[Information given Boundary: Start]

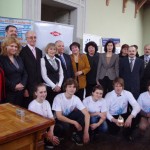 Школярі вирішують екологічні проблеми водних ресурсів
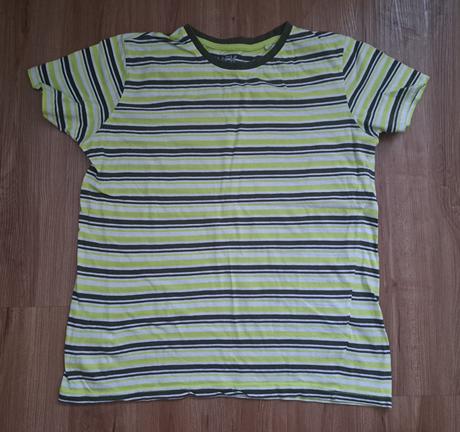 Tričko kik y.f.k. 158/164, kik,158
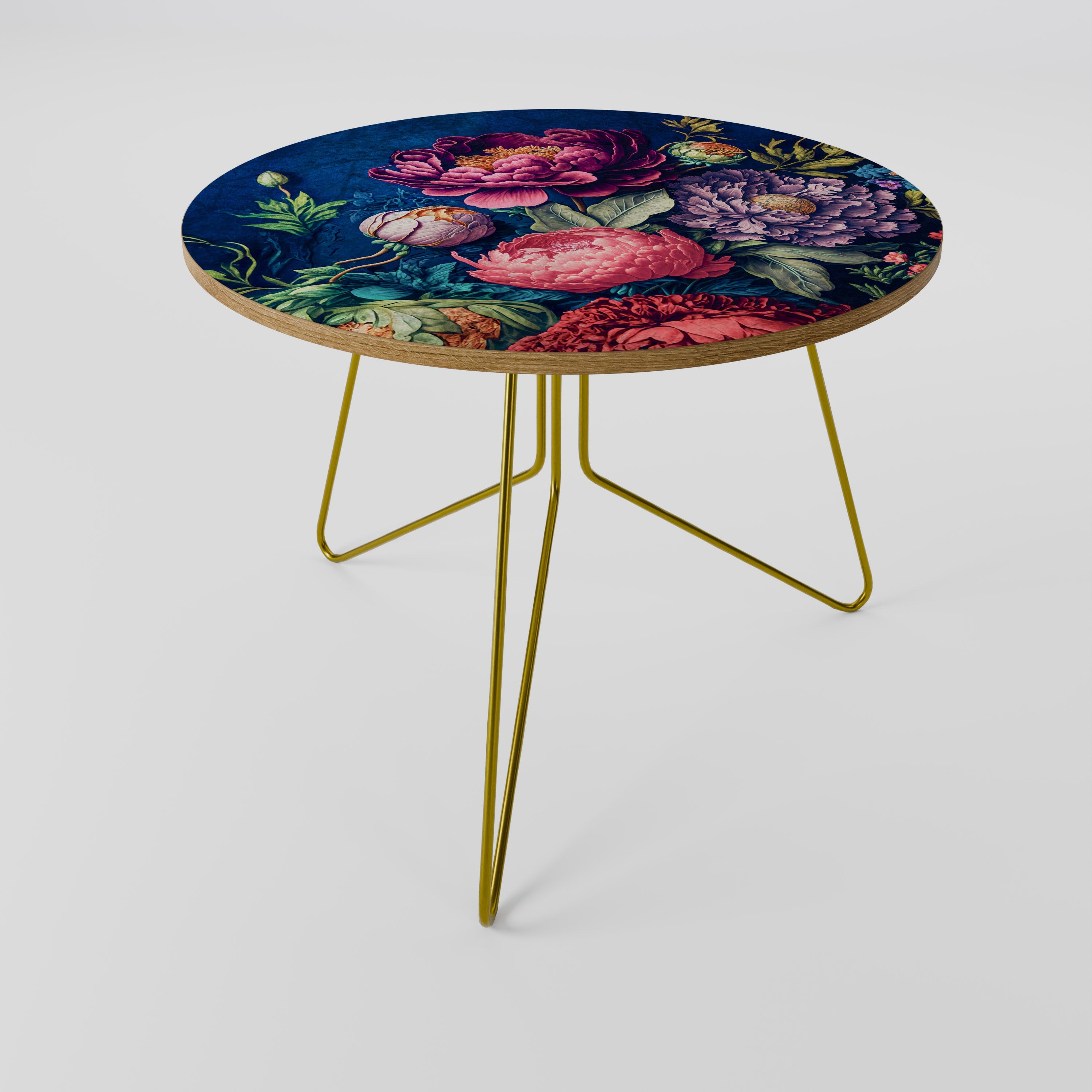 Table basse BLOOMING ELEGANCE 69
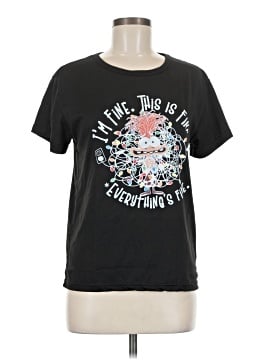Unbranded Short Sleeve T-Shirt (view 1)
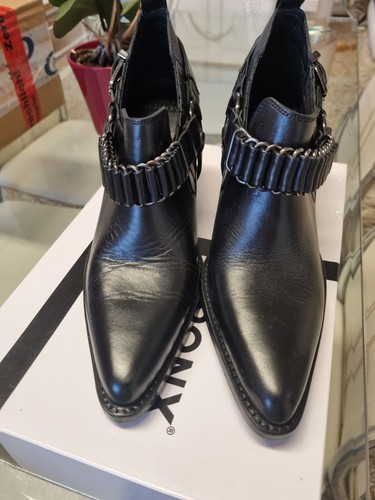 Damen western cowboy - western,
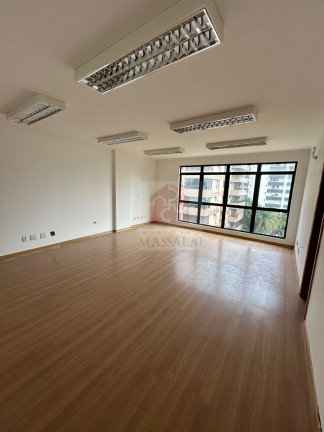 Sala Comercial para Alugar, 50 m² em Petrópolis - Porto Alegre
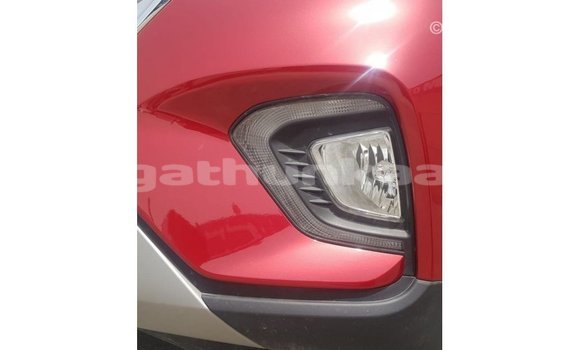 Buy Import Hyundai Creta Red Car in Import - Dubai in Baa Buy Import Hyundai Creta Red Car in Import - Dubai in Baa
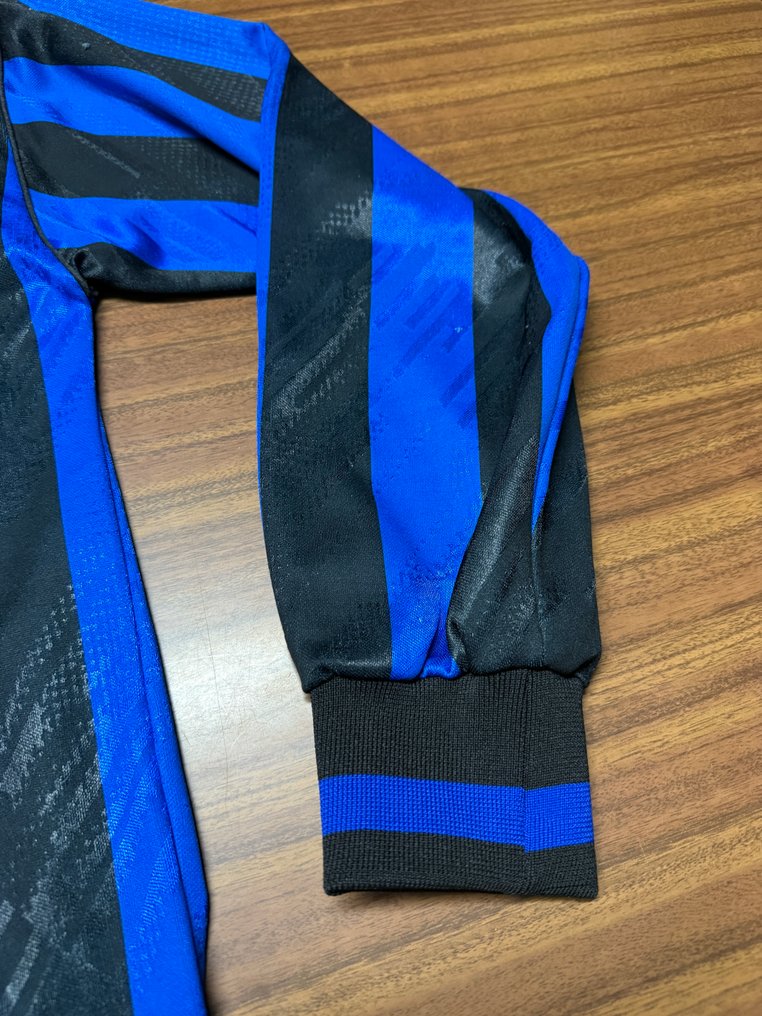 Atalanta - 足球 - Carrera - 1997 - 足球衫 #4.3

[Information given Boundary: End]
[Information given Boundary: Start]

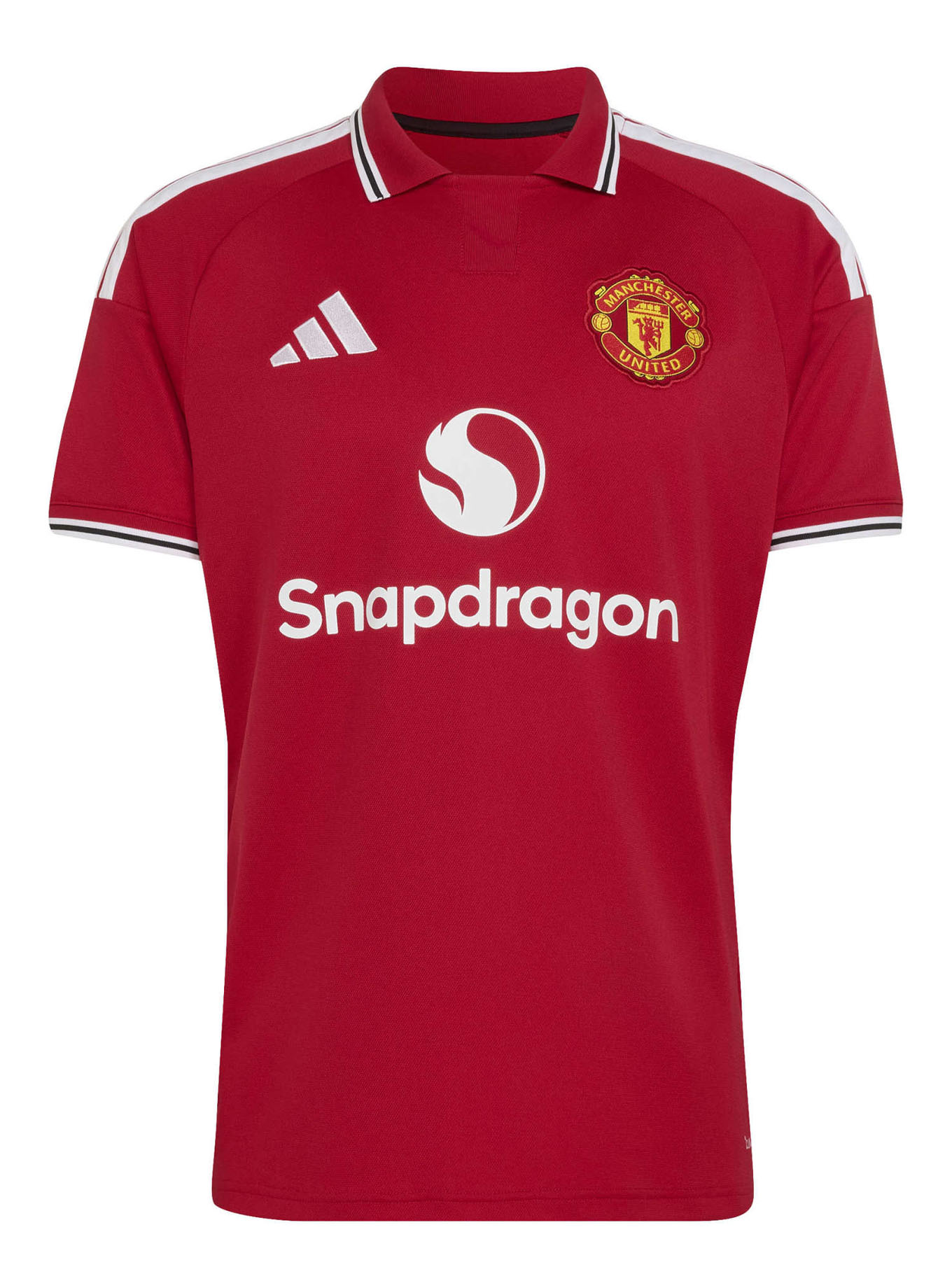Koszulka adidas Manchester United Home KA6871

[Information given Boundary: End]
[Information given Boundary: Start]

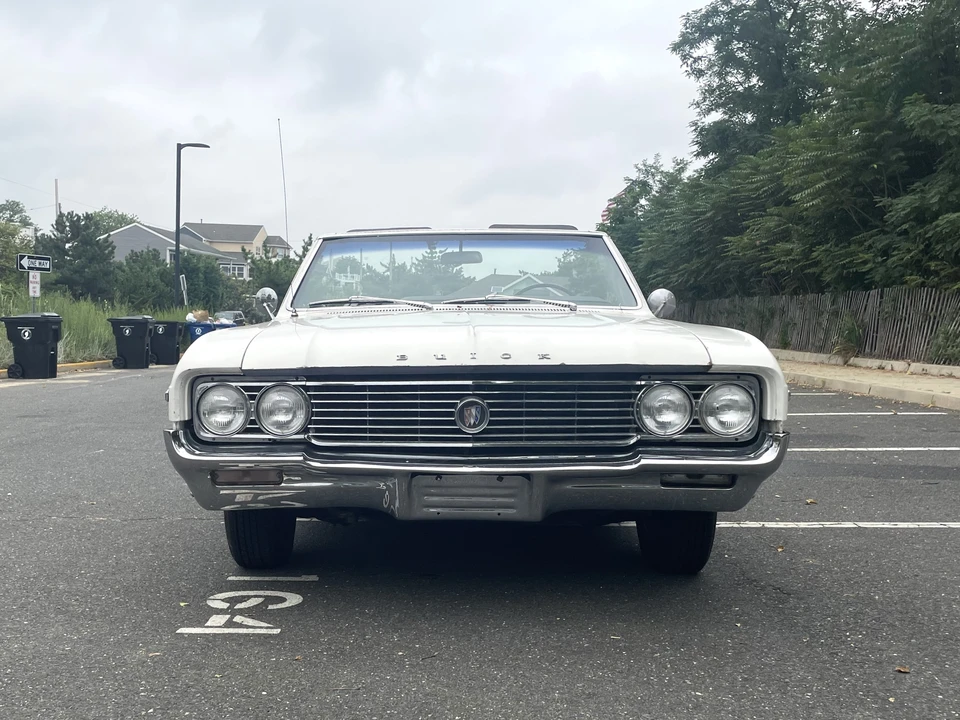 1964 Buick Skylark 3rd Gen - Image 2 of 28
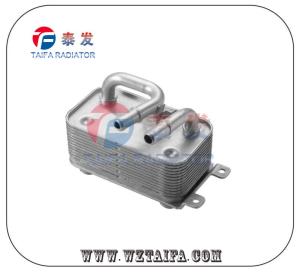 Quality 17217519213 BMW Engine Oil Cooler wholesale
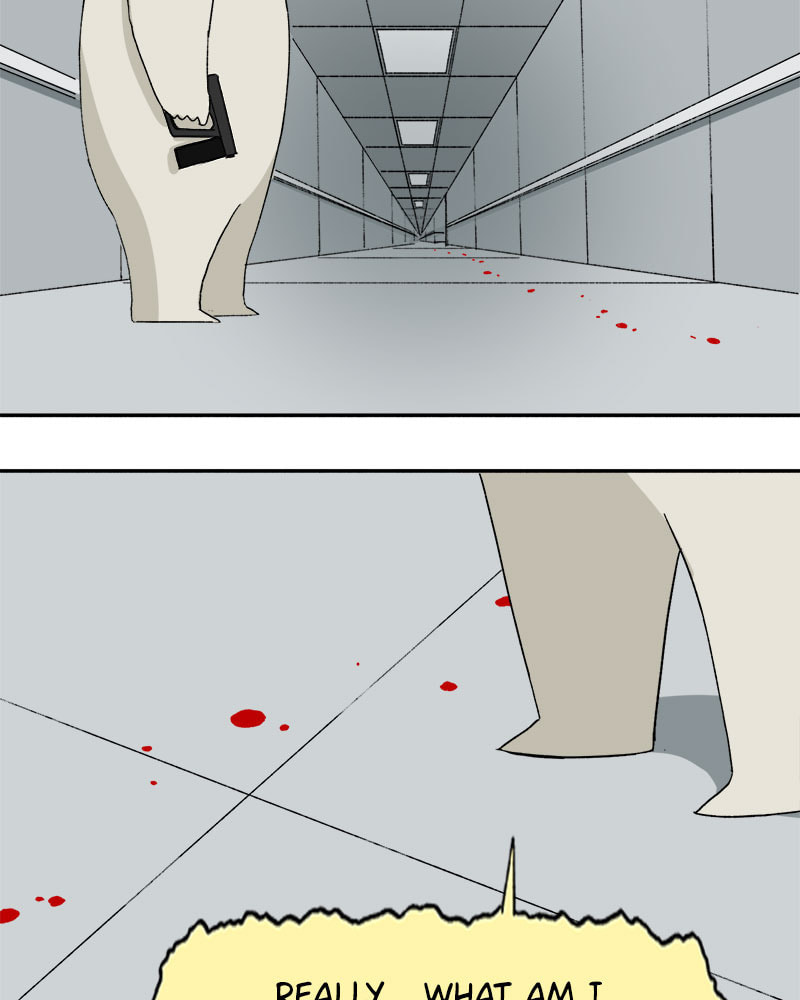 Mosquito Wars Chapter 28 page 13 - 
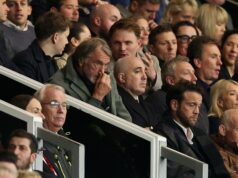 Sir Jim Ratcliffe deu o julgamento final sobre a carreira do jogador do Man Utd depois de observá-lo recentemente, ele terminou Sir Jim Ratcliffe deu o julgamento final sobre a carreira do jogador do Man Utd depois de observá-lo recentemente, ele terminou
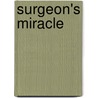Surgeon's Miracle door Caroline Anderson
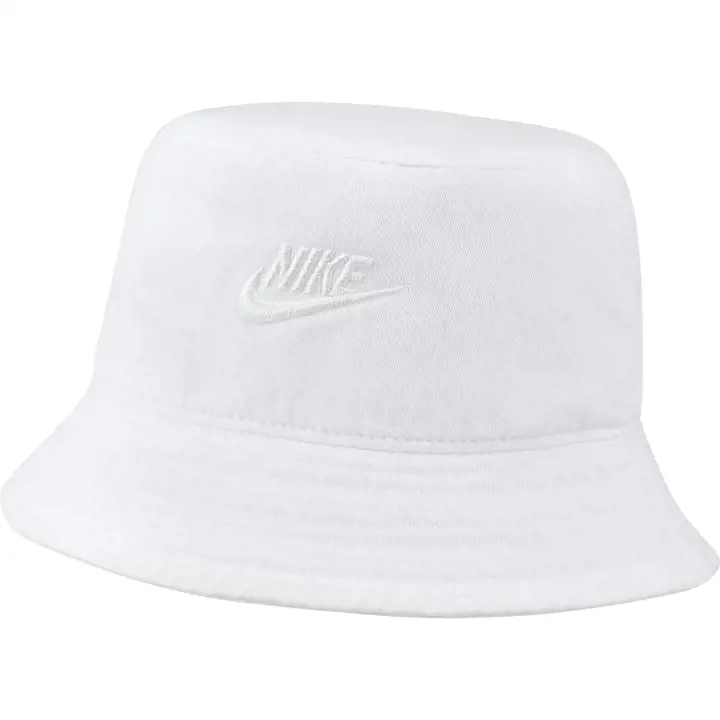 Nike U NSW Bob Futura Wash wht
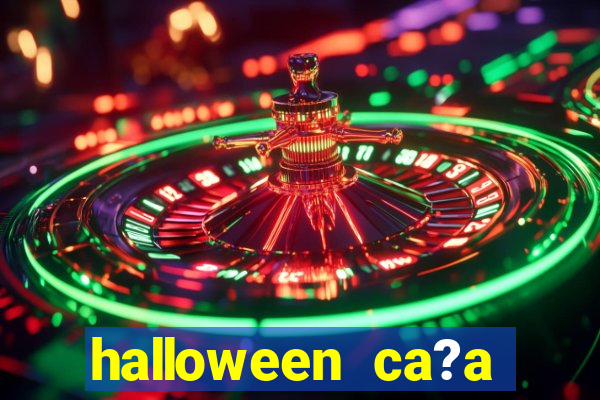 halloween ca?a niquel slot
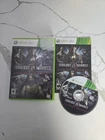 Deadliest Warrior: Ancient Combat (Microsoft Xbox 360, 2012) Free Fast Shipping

[Information given Boundary: End]

• [What you will do]: In the data above, the stretch from the line with "Sala Comercial para" through the line with "Atalanta - 足球 - Carrera - 1997 - 足球衫 #4.3" is to be returned exactly, minus any pictures.

• [Result of this task]:
 Sala Comercial para Alugar, 50 m² em Petrópolis - Porto Alegre
 Buy Import Hyundai Creta Red Car in Import - Dubai in Baa Buy Import Hyundai Creta Red Car in Import - Dubai in Baa
 Atalanta - 足球 - Carrera - 1997 - 足球衫 #4.3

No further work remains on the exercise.